The universe doesn’t fully forget.

When something happens, it leaves behind a faint trace — a disturbance that spreads out and slowly fades, but never completely disappears.

That idea changes how we think about reality.

But it also raises a deeper question:

If those traces are still there… what are they actually doing?

This second paper answers that.


From memory to mechanism

The key step forward is this:

The past doesn’t just linger — it actively participates in what happens next.

In standard physics, if two systems look identical right now, they are expected to behave identically going forward. The present state is supposed to contain everything you need.

This paper shows that isn’t quite true.

Instead, the equations gain an extra ingredient — a small contribution from the system’s history. That contribution is built from all the events that have happened before, weighted in a precise way.

The laws of motion don’t just depend on the present — they also depend, slightly, on the past.


When identical systems behave differently

This leads to a simple but powerful consequence:

Two systems that look identical now can evolve differently if they have different histories.

Nothing about their current state reveals the difference. But their past events have left behind a subtle imprint that is still shaping how new events form.

This is what it means for the past to “participate.”


How the past actually participates

The past doesn’t act like a force. It doesn’t push things around or inject energy into the system.

Instead, it works more quietly:

It slightly reshapes the conditions under which the next event happens.

This shows up in three main ways:

  • Probability shifts
    If multiple outcomes are possible, the past can slightly bias which one is more likely.
  • Threshold shifts
    Many processes happen when a condition is crossed. The past can move that threshold slightly, making something happen earlier or later.
  • Timing shifts
    Even when the outcome is fixed, the exact moment it happens can be subtly adjusted.

These are tiny effects — but they are real, and they come directly from the equations.


A hidden extra term in the laws of physics

Mathematically, this idea appears as an extra term in the equations of motion.

Normally, the future depends only on the present state.

Here, the evolution includes an additional contribution built from the system’s history — a kind of weighted sum of past events.

The present state is no longer the whole story. There is also a history term.

This is known as a memory kernel, and it means that physics is not perfectly “memoryless” after all.


A better way to picture it

A helpful way to understand this is to return to the lake analogy.

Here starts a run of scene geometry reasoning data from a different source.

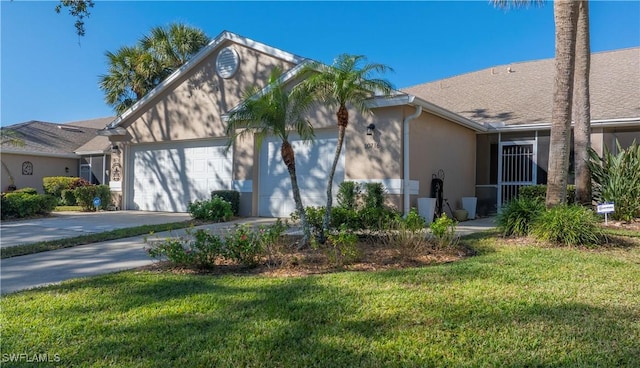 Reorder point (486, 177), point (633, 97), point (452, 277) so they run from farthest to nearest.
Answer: point (486, 177) → point (633, 97) → point (452, 277)

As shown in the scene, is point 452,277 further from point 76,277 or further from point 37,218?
point 37,218

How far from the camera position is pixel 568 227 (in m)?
6.65

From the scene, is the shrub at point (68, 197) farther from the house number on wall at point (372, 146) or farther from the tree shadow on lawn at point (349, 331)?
the tree shadow on lawn at point (349, 331)

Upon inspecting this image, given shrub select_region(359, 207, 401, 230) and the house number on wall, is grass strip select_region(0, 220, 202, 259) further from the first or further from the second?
the house number on wall

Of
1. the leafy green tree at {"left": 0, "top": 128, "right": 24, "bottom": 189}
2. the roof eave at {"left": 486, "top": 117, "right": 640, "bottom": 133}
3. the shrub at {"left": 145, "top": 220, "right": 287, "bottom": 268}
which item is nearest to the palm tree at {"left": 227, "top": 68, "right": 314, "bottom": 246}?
the shrub at {"left": 145, "top": 220, "right": 287, "bottom": 268}

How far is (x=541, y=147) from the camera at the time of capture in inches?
494

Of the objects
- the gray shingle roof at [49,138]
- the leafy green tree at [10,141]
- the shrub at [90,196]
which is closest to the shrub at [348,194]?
the shrub at [90,196]

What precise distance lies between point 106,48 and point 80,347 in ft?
60.8

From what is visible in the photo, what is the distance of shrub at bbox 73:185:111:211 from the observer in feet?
50.1

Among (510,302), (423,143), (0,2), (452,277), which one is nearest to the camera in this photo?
(510,302)

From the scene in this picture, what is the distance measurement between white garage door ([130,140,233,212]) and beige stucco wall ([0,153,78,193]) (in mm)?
9003

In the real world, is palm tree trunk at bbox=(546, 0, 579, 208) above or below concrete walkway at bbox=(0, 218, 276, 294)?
above

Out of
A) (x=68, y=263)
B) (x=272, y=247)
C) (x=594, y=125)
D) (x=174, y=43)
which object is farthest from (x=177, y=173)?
(x=594, y=125)

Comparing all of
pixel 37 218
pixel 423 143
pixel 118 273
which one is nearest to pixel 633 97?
pixel 423 143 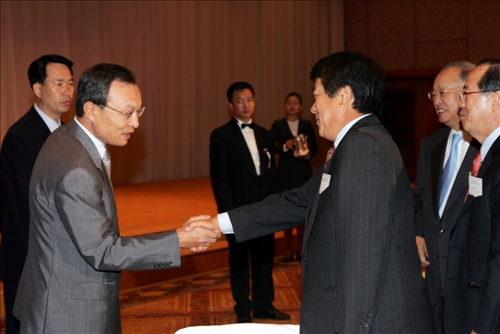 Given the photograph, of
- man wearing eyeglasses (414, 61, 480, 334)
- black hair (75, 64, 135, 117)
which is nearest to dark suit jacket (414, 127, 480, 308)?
man wearing eyeglasses (414, 61, 480, 334)

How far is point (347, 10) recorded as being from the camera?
1299 centimetres

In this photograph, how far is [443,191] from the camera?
118 inches

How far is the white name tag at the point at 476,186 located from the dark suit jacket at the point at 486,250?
0.06ft

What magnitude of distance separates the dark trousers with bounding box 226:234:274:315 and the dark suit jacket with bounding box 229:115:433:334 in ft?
8.07

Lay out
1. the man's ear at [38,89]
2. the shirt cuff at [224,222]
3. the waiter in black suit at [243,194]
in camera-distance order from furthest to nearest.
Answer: the waiter in black suit at [243,194] → the man's ear at [38,89] → the shirt cuff at [224,222]

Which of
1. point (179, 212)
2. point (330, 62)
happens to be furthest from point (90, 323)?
point (179, 212)

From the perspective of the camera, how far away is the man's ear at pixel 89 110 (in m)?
2.05

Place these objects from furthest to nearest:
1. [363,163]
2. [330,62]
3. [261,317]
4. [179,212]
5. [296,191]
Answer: [179,212] < [261,317] < [296,191] < [330,62] < [363,163]

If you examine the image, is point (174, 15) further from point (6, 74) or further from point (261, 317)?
point (261, 317)

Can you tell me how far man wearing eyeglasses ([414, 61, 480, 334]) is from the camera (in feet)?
8.96

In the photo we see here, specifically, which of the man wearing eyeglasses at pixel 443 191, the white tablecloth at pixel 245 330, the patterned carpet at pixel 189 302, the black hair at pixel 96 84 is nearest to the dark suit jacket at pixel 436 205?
the man wearing eyeglasses at pixel 443 191

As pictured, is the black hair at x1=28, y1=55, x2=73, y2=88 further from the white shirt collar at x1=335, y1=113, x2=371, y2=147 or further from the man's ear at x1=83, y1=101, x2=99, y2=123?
the white shirt collar at x1=335, y1=113, x2=371, y2=147

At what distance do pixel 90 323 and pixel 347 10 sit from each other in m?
12.0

In the first paper, we said that when a rock hits the water, it creates ripples that never fully disappear.

This paper adds something important:

Those ripples don’t just sit there — they change how the next ripple forms.

They alter its shape, its timing, and how it spreads — even if only slightly.

So the surface is not just carrying the past.

It is actively using it.


Why this matters

Most of the time, this effect is far too small to notice. That’s why standard physics works so well — it’s an extremely good approximation.

But in the right situations — systems that are very sensitive, close to tipping points, or operating under extreme conditions — this subtle history-dependence could become visible.

And that gives us something powerful:

A new way to test whether the universe is truly memoryless — or only approximately so.


The big takeaway

The first paper showed that the universe doesn’t fully forget.

This paper shows something deeper:

The past is not just remembered — it is still actively shaping what happens next.

Not as a dominant force, but as a quiet, persistent influence built into the structure of reality itself.

In other words:

The future is not determined by the present alone — it is shaped, however slightly, by everything that has ever happened before.